Disamping ketokohan, ujar Emzalmi lagi, syarat yang kedua adalah takih atau ketakihan, yaitu amanah. Pemilih harus yakin bahwa calon yang akan dipilihnya mampu memegang amanah. Apatah lagi, ke semua pasang calon, pernah menjadi kepala daerah. Muslim Kasim pernah menjadi Bupati Padang Pariaman, Fauzi Bahar pernah menjadi Walikota Padang, Irwan Prayitno pernah menjadi Gubernur Sumatera Barat, dan Nasrul Abit pernah menjadi Bupati Pesisir Selatan.

"Apakah calon yang akan dipilih ini, yakin atau tidak, Ia akan bisa memegang amanah. Bisa dilihat dari track record sebelumnya, karena yang bersangkutan pernah menjadi kepala daerah, pernah memegang jabatan-jabatan lain, apakah itu di partai politik, apakah itu dibirokrasi ? Apakah track record selama ini sudah dapat dikatakan amanah ?" pungkasnya.

Ukuran amanah itu, kata Emzalmi lagi, tentu berupa keberhasilan kepemimpinan di bidang-bidang tertentu yang bermanfaat untuk orang banyak dan masyarakat. Lantas tidak ada terkait dengan persoalan-persoalan hukum. Atau pun mungkin tidak banyak mengecewakan masyarakat. Ukuran kecewa itu secara kasat mata dapat dilihat dari komentar-komentar masyarakat, walau pun tidak perlu disurvai. 

"Kalau amanah menurut agama adalah orang yang bisa dipercaya. Apakah bisa dia dipercaya menjalankan tanggungjawab sebagai pimpinan ? Apakah dia mendiskriminasi kelompok tertentu ? Atau mungkin saja mengutamakan kelompok-kelompok tertentu ? Atau hanya mengutamakan kelompok-kelompok keluarga ? Atau mungkin juga hanya mengutamakan kolega-kolega dia saja ?" terangnya.  

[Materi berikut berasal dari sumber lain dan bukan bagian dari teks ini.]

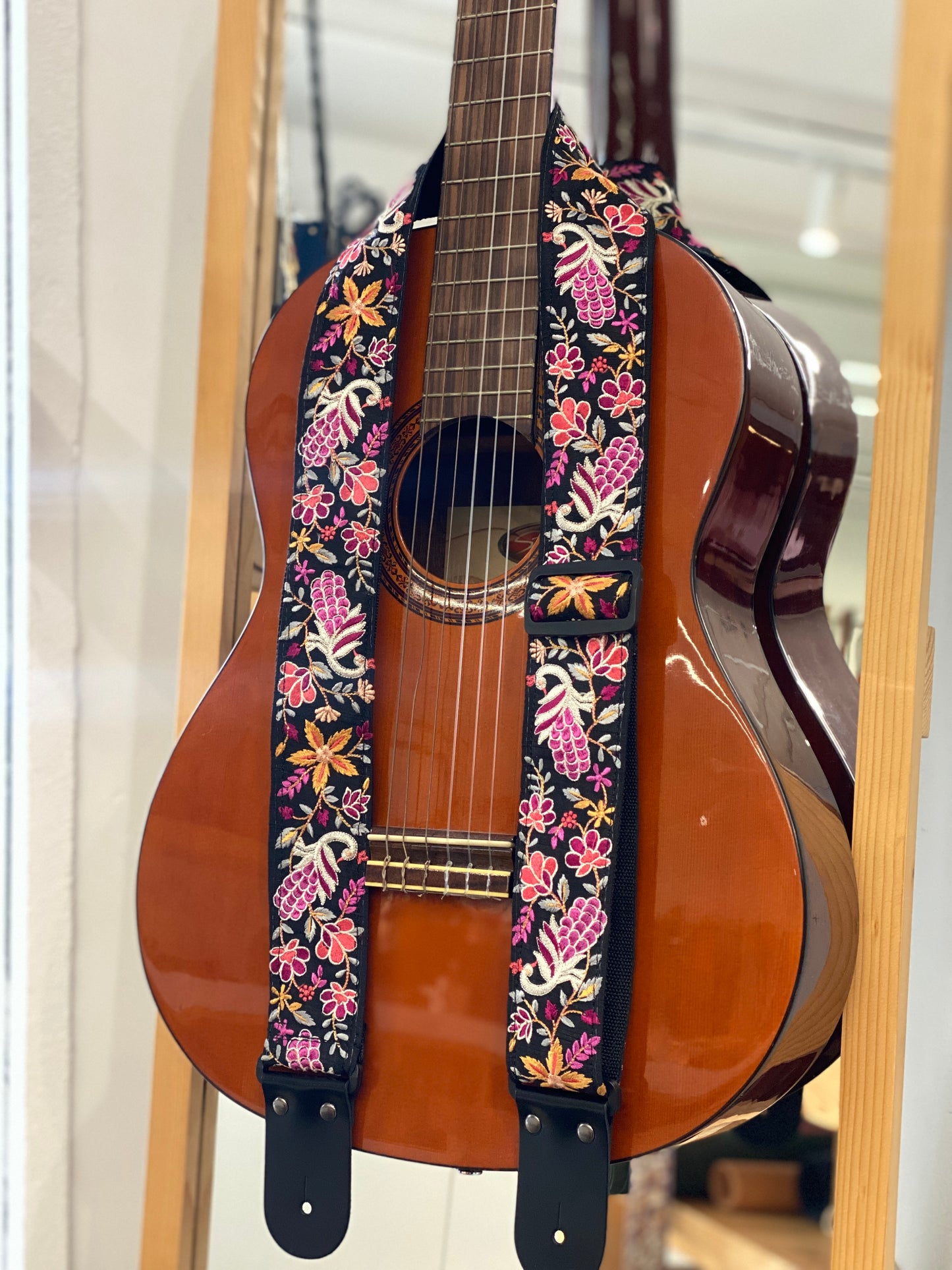 Peacock Guitar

Pemimpin yang amanah itu adalah pemimpin yang adil. Dalam artian pemimpin yang bisa memperlakukan semua orang sama. Tidak ada diskriminasi. Kemudian tentu harus bisa dilihat buktinya. Kalau sebagai kepala daerah, tentu bisa dilihat dari prestasi-prestasi yang diakui secara nasional. 

"Apakah di bidang pembangunan, dibidang sosial kemasyarakatan, atau mungkin juga dibidang politik dan pemerintahan ? Tentu banyak hal yang bisa dinilai. Artinya prestasi nasional itu yang secara sistimatis telah bisa dijadikan ukuran sebagai kinerja seorang kepala daerah," urainya. 

Demikian juga, kalau seorang pemimpin yang amanah itu, pasti disukai semua orang. Kalau pemimpin punya bawahan, bawahan pasti menyenanginya. Karena dia pemimpin yang adil. Kalau dia punya hubungan dengan pimpinan yang lebih tinggi, maka pimpinan akan menyeganinya dan menghargai dia. Itu ukurannya sangat relatif, tetapi bisa dilihat secara kasat mata, ungkapnya. 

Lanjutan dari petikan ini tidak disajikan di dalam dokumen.